The smallest common multiple is 12, which becomes the LCD. Once the LCD is determined, you adjust each fraction by multiplying the numerator and denominator, so they share this common base, allowing you to easily perform the required operations.

Simplifying fractions is the process of reducing them to their simplest form, which means expressing the fraction with the smallest possible numerator and denominator. This makes the fraction easier to understand and use in calculations.
Here’s how you simplify:

• Find the greatest common divisor (GCD) of the numerator and the denominator.
• Divide both the numerator and the denominator by the GCD.

In the example provided in the solution, the result of the operations was the fraction \( \frac{6}{12} \).
The GCD of 6 and 12 is 6. So, you divide both the numerator and the denominator by 6, resulting in \( \frac{1}{2} \).
This reduced form is much easier to interpret and is the clearest way to express the answer.

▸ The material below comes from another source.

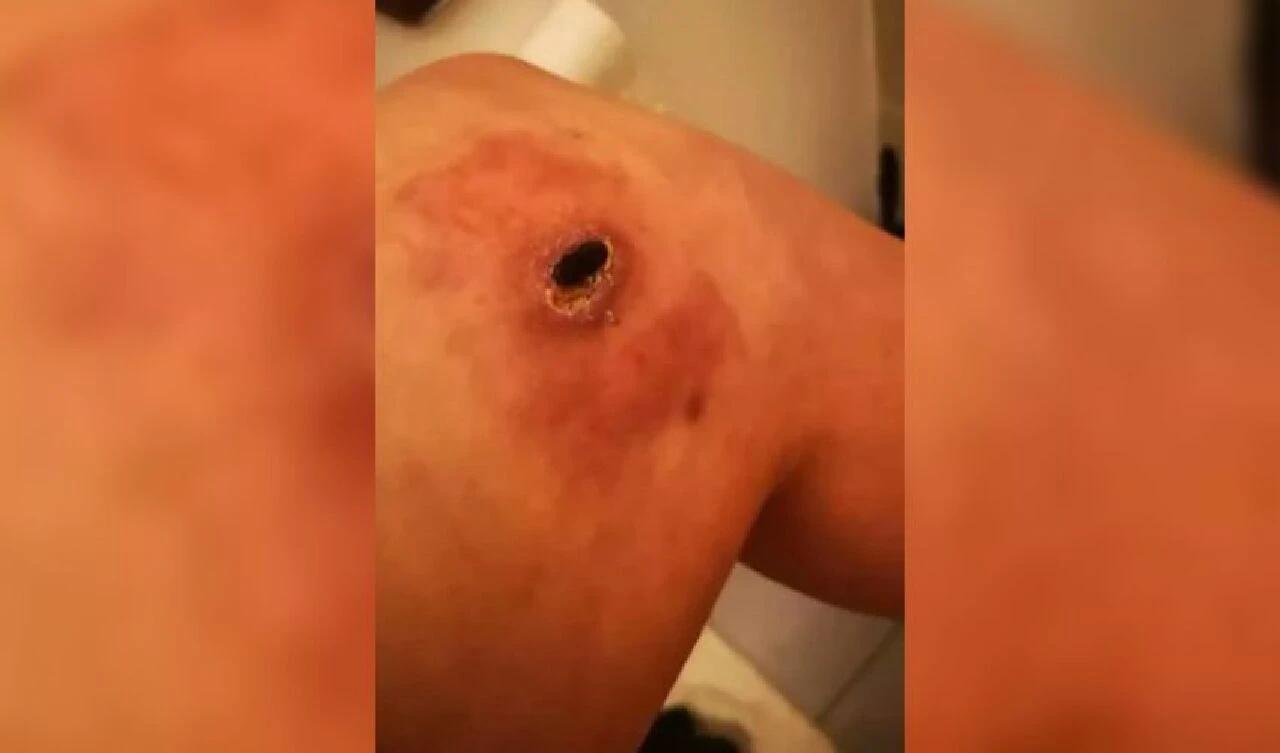 Telefonunu şarja takıp yanına aldı, uyandığında gözlerine inanamadı! Sosyal medya bu görüntüyü konuşuyor - 1. Resim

Understanding the roles of the numerator and denominator is key to working with fractions effectively.
The numerator is the top part of a fraction. It represents the number of parts being considered. The denominator, on the other hand, is on the bottom and indicates the total number of equal parts into which the whole is divided.
To perform arithmetic operations like addition and subtraction on fractions:

• Ensure all fractions refer to the same whole, using a common denominator.
• Operate only on the numerators, as you keep the denominator constant.

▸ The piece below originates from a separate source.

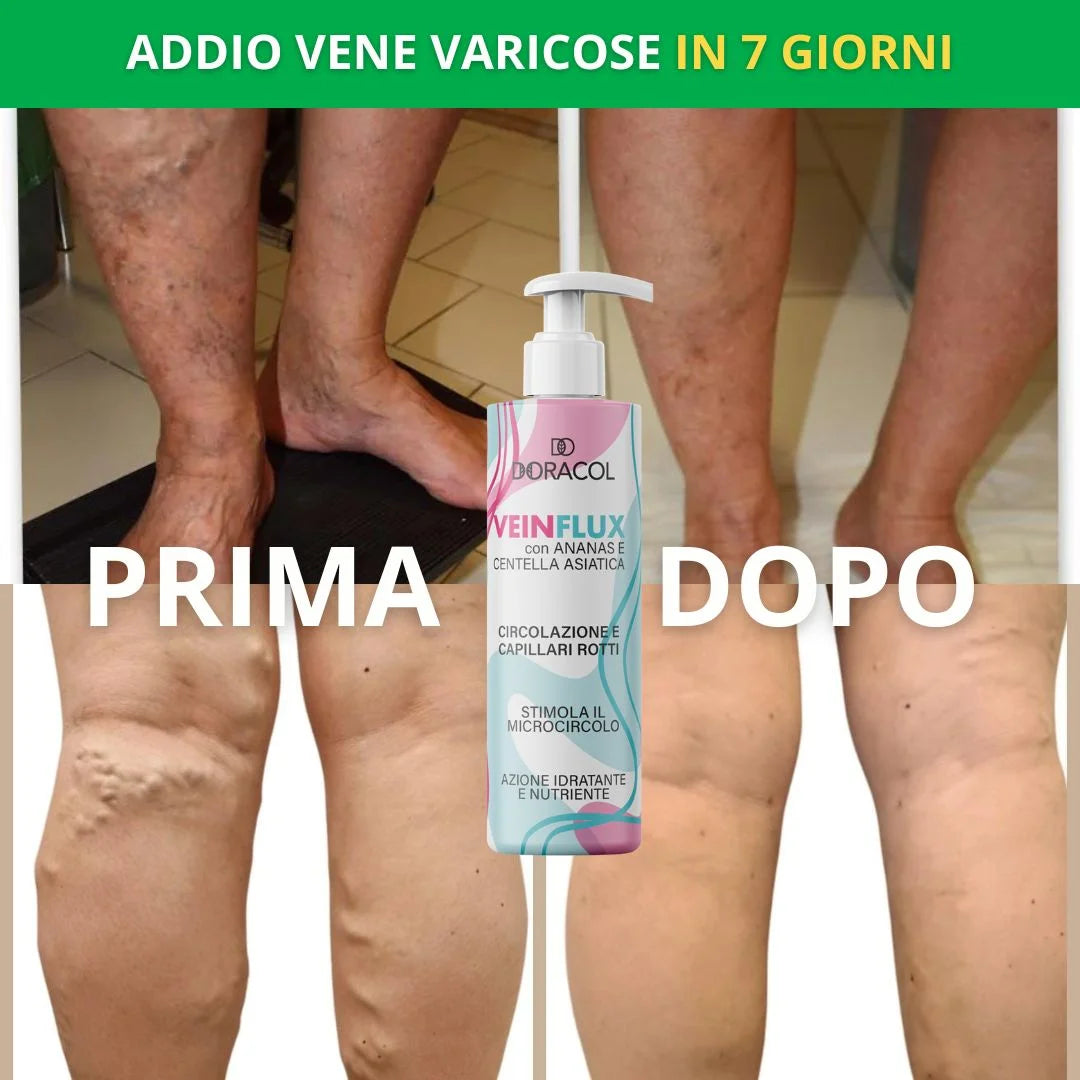 VEINFLUX – Prendi 2 al prezzo di 1 Offerta limitata!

For example, in the exercise given, once all fractions shared a common denominator of 12, it was straightforward:
You combined the numerators from the fractions: numerator \(8\) from \( \frac{8}{12} \), subtracting numerator \(3\) from \(\frac{3}{12}\), and adding numerator \(1\) from \(\frac{1}{12}\).
This results in the computation \(8 - 3 + 1 = 6\), so the answer is \(\frac{6}{12}\). With simplification tools, this can become \(\frac{1}{2}\), making your work easier to manage and understand.